MATERIAL TO PROCESS
--------

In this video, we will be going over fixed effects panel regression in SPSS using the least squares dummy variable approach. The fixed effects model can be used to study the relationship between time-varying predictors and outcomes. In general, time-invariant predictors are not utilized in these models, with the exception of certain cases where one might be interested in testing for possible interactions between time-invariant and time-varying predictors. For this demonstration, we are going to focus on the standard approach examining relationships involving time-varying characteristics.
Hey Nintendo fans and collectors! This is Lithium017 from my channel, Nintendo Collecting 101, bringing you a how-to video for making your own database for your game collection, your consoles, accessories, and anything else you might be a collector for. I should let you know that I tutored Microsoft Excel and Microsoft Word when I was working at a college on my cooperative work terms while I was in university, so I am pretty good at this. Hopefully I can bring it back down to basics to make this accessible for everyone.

--------

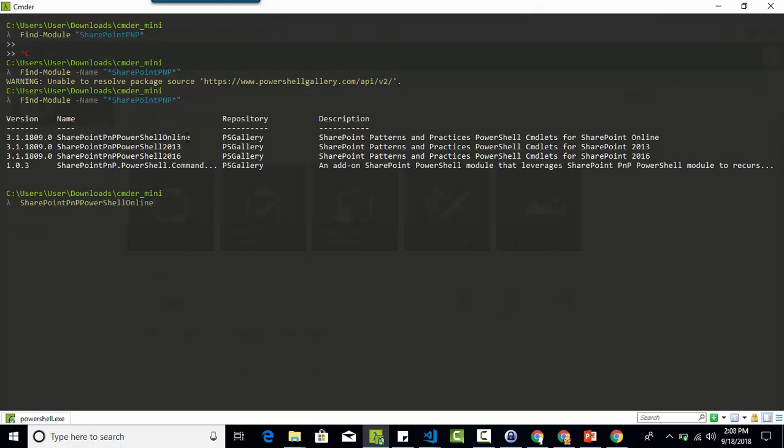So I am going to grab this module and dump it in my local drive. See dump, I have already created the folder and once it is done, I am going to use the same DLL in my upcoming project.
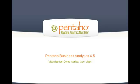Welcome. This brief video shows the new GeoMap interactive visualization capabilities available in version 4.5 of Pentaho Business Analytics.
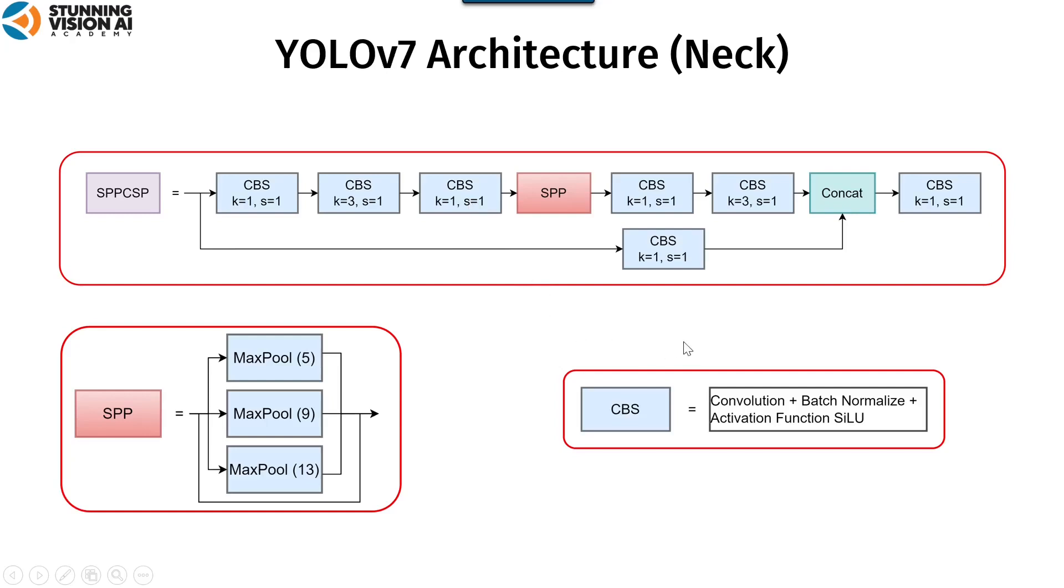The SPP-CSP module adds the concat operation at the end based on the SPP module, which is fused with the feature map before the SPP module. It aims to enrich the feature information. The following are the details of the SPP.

--------

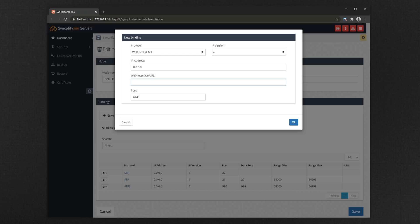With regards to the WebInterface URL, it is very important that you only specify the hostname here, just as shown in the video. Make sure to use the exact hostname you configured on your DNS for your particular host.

--------

WORK ORDER
Look above for the line containing "Welcome. This brief", then write out every line from there down to the line containing "The SPP-CSP module", that line included, with no pictures.

SOLVED EXERCISE
Welcome. This brief video shows the new GeoMap interactive visualization capabilities available in version 4.5 of Pentaho Business Analytics.
The SPP-CSP module adds the concat operation at the end based on the SPP module, which is fused with the feature map before the SPP module. It aims to enrich the feature information. The following are the details of the SPP.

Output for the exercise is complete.